Control of prosodic patterns for speech generation in human-computer dialogs

Cameron Fordyce

Current speech synthesis systems produce intelligible output under conditions with low background noise and low cognitive load. However, the quality is far from natural and intelligibility degrades significantly under less than ideal conditions. One widely agreed upon area of improvement in speech synthesis output is prosody. Prosody includes the acoustic characteristics of speech that communicate important syntactic, semantic, and discourse information about the utterance. The acoustic correlate of prosody are the pauses, fundamental frequency contours, energy, and duration changes of utterances.

    Typically, prosody synthesis is a two step proces, where symbolic prosodic labels such as phrase boundaries and relative emphasis are predicted from annotated text and then the acoustic correlates are predicted from these labels combined with phonetic information. The goal of this research is to improve the prediction of symbolic prosodic labels for text-to-speech systems, specifically, location of phrase boundaries and phrase-level emphasis (i.e. pitch accents). To date, the most successful algorithms for predicting symbolic prosodic labels are based on either handwritten rules or statistical methods. This research will adopt and modify an alternative algorithm: transformational rule-based learning (TRBL), which has had success in many natural language processing tasks. This learning algorithm is automatically trainable like statistical methods, but is less sensitive to sparse training data conditions than these methods. A second contribution of the thesis is an analysis of the interaction of phrase and accent symbols in prediction. Previous approaches have predicted these prosodic events in a serial fashion, but the order is not agreed upon. In this study, we compare serial prediction with the two possible orders, as well as explore joint prediction. To facilitate joint prediction, the TRBL learning algorithm is combined with a multi-level feature and label representation.

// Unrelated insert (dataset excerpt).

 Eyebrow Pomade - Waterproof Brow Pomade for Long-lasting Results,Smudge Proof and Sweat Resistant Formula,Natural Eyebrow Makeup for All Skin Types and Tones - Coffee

    Experimental studies were conducted on a prosodically labeled corpus of radio news speech, predicting presence vs. accent at the syllable level and three levels of phrase breaks (none, major, minor) at the word level. First, TRBL was compared to the most popular statistical method, decision trees, for the task of pitch accent location prediction with known phrase boundaries, where TRBL gave a small improvement in prediction accuracy over decision trees. Second, a distance-based metric for phrase prediction design was proposed and evaluated, arguing that this metric better describes the linguistic differences between different levels of phrase breaks than does an exact match caccuracy. The results showed that the new metric results in higher prediction rates for minor phrase boundaries. Next, experiments were conducted to assess prediction but not vice versa and therefore that phrase structure should be predicted first. Experiments also showed that the performance loss associated with using predicted vs. actual spoken phrase boundaries in accent prediction can be almost entirely regained when using training data labeled with predicted boundaries. A final experiment compares serial prediction with the joint prediction of pitch accents and phrase boundaries using TRBL, finding no advantage to joint prediction.